Melihat Dokter Irvan yang berusaha menjelaskan semua kepada dirinya, Erik tidak perduli, ia malah justru menghajarnya semakin kencang dan tak ada hentinya, sehingga Andin pun tak terima.


"Rik, cukup Rik.! Stop.!" Triak Andin panik, sambil menarik narik tangan Erik yang masih berusaha terus memukuli Dokter Irvan itu.


"Enggak Ndin.! Laki-laki ini harus saya kasih pelajaran.!" Teriak Erik sambil terus memukuli dokter Irvan, sehingga dengan sangat terpaksa Dokter Irvan pun membalas pukulan tersebut dan mereka berdua pun akhirnya berantem


Mereka berdua berantem sudah cukup lama dan mereka berdua pun terlihat babak belur, hingga akhirnya satpam keamanan di gedung tersebut pun turun tangan dan langsung memisahkan meraka berdua.

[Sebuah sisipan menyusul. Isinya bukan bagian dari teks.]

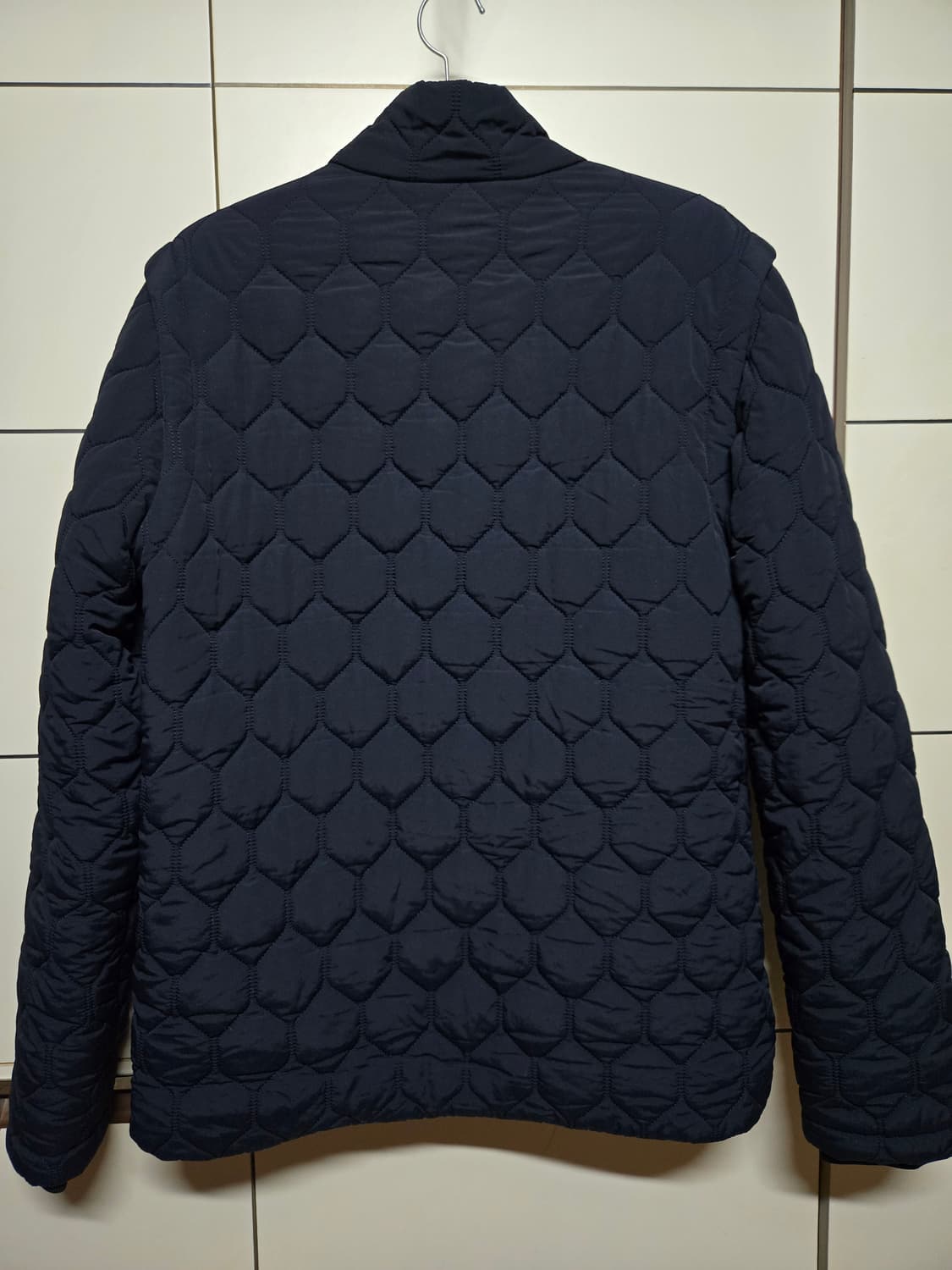 까스텔바작 골프 남성 누빔 퀼팅 점퍼 상품이미지4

Setelah mereka berdua berhasil dipisahkan oleh satpam tersebut, Andin sepupu dari Erik pun langsung marah-marah.


"Kalian itu kenapa sih.? Ngapain coba kalian itu berantem.? Lihat nih.! Semuanya kacau tau enggak gara-gara kalian berdua.?" Kata Andin dengan suara yang sangat tinggi dan raut wajah yang sangat marah, sambil menatap kearah pelaminannya yang hancur dan berantakan karena ulah Erik dan Dokter Irvan calon suaminya.

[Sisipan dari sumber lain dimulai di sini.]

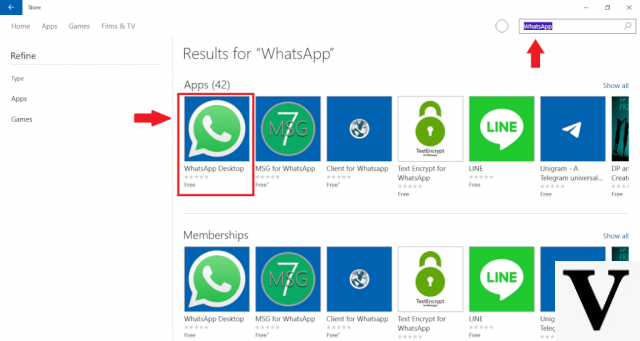 How to install WhatsApp on a computer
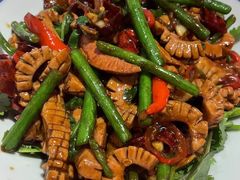 -荆九爷爆炒桥头三嫩(夫子庙店)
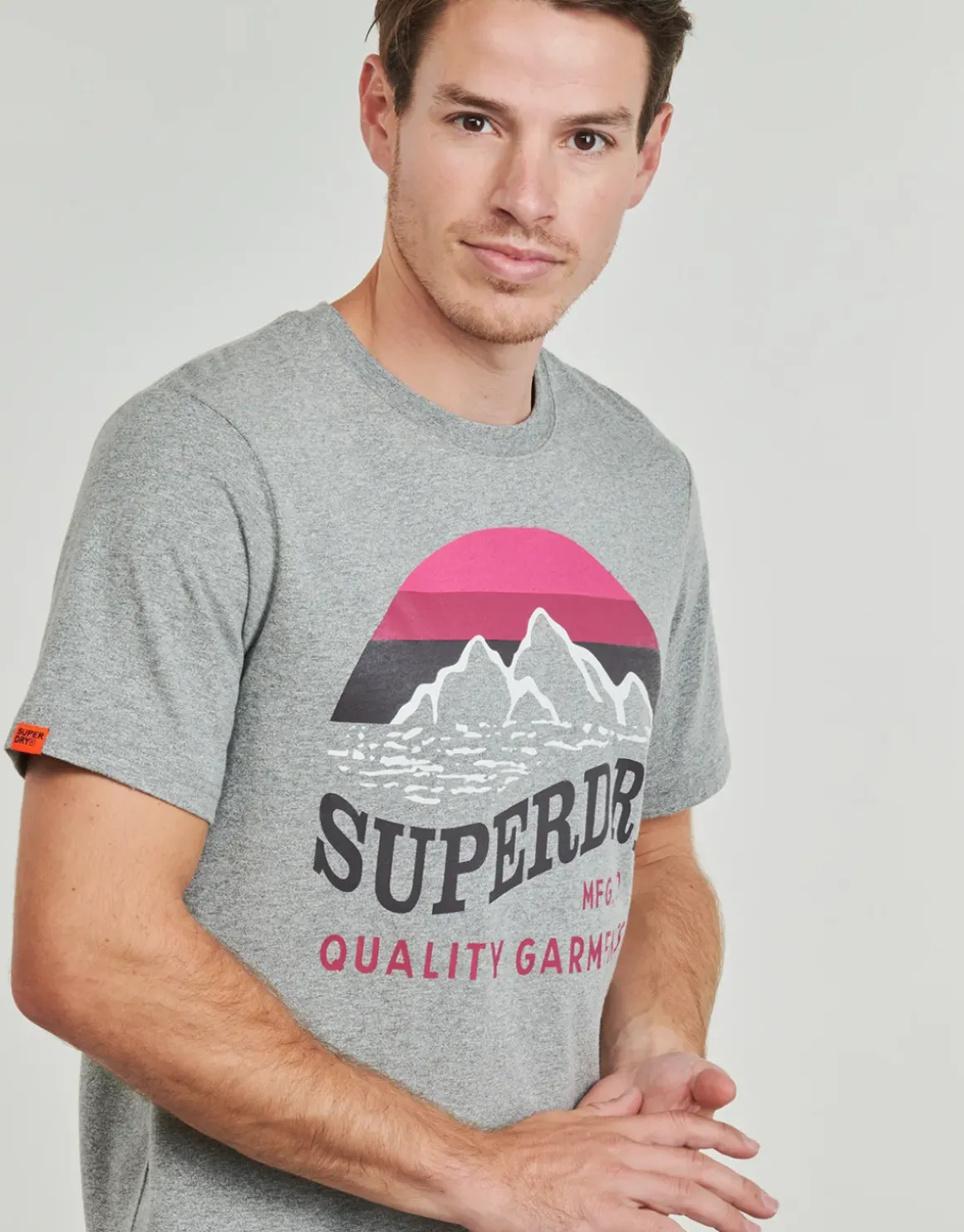 Superdry - GREAT OUTDOORS RELAXED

"Dan kamu.! Sekarang juga tolong jelasin siapa itu Dinda.?" Kata Andin lagi masih marah, sambil menatap wajah Dokter Irvan dengan tatapan yang sangat tajam.


"Yank, ini tuh cuma salah paham yank.? Dinda itu pasien aku yang aku ceritain kemaren ke kamu yank.? Kamu masih inget kan.?" Kata Dokter Irvan mencoba untuk menjelaskan kepada Andin, dengan keadaan yang sudah tidak karuan karena babak belur.

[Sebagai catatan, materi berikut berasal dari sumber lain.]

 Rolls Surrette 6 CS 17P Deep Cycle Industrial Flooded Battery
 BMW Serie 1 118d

"Dinda pasien kamu, maksudnya.?" Kata Erik bingung, dengan keadaan yang sudah tidak karuan, karena ia pun babak belur dihajar oleh Dokter Irvan.


Mendengar pertanyaan dari Erik, dengan sangat terpaksa Dokter Irvan pun menceritakan semua kepadanya mengenai penyakit Dinda yang menyebabkan Dinda ingin bercerai dengannya dan juga mengenai hubungannya dengan Dinda yang hanya pura-pura itu.